The Microsoft SharePoint Conference 2006 disclosed lots of new features, and many new questions. The Business Data Catalog (BDC) was very impressive to see, but raised many questions in my mind about how security is handled. For example, when you connect data from a 3rd party database (SAP, Peoplesoft, SQL Server, ...) into a SharePoint list, SharePoint will cache that data so the normal list filtering and sorting will work as expected. That's great, but what about little things like if SharePoint passes my identity through the BDC to get the data, will you see the data cached from the BDC's use of my identity?
Todd happened to point me at gotdotnet, which doesn't have much for BDC yet, but it does have the best explaination I've seen yet for BDC security. The explaination is short, but it's packed with information that you may not recognize (or understand the relivance of) until you've heard 3 more explainations of how the BDC works.

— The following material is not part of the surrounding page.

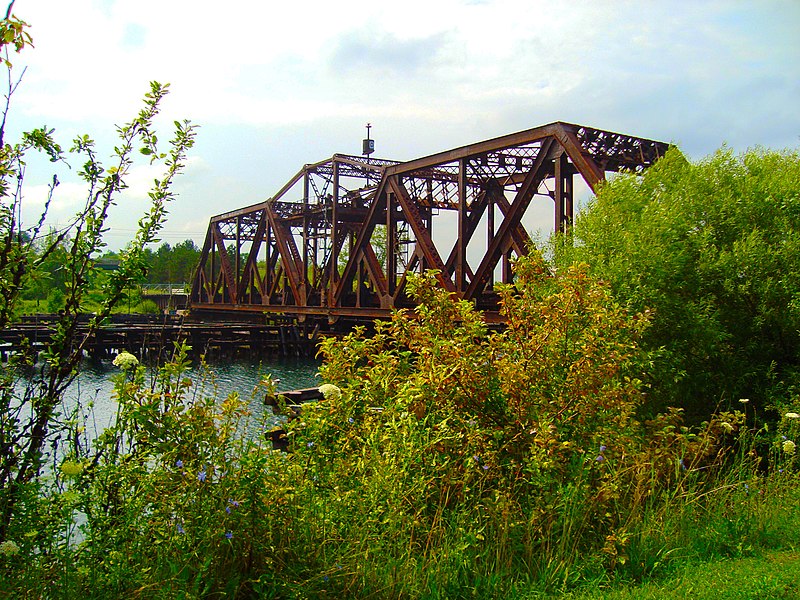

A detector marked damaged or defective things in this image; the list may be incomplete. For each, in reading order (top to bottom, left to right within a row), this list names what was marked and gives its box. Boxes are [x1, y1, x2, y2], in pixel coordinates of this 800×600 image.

rusty steel bridge [188, 122, 668, 326]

http://www.gotdotnet.com/codegallery/messageboard/thread.aspx?id=5e078686-a05c-4a44-a131-88d75e550be8&mbid=bed395e0-f868-435c-bd5c-9eaf3bcd50c6&threadid=dba78318-6ced-4d88-b853-1cdba0ba2ffc
I've formulated a series of questions and sent them off to a MS Office Program Manager. When I get a response I'll post more. In the meantime, I'll leave you with the core quote from gotdotnet:
“The general point is that when you move data from the back-end into another place -- the Search index, the List store, the User-Profile store -- the authentication and authorization of the new place takes over.”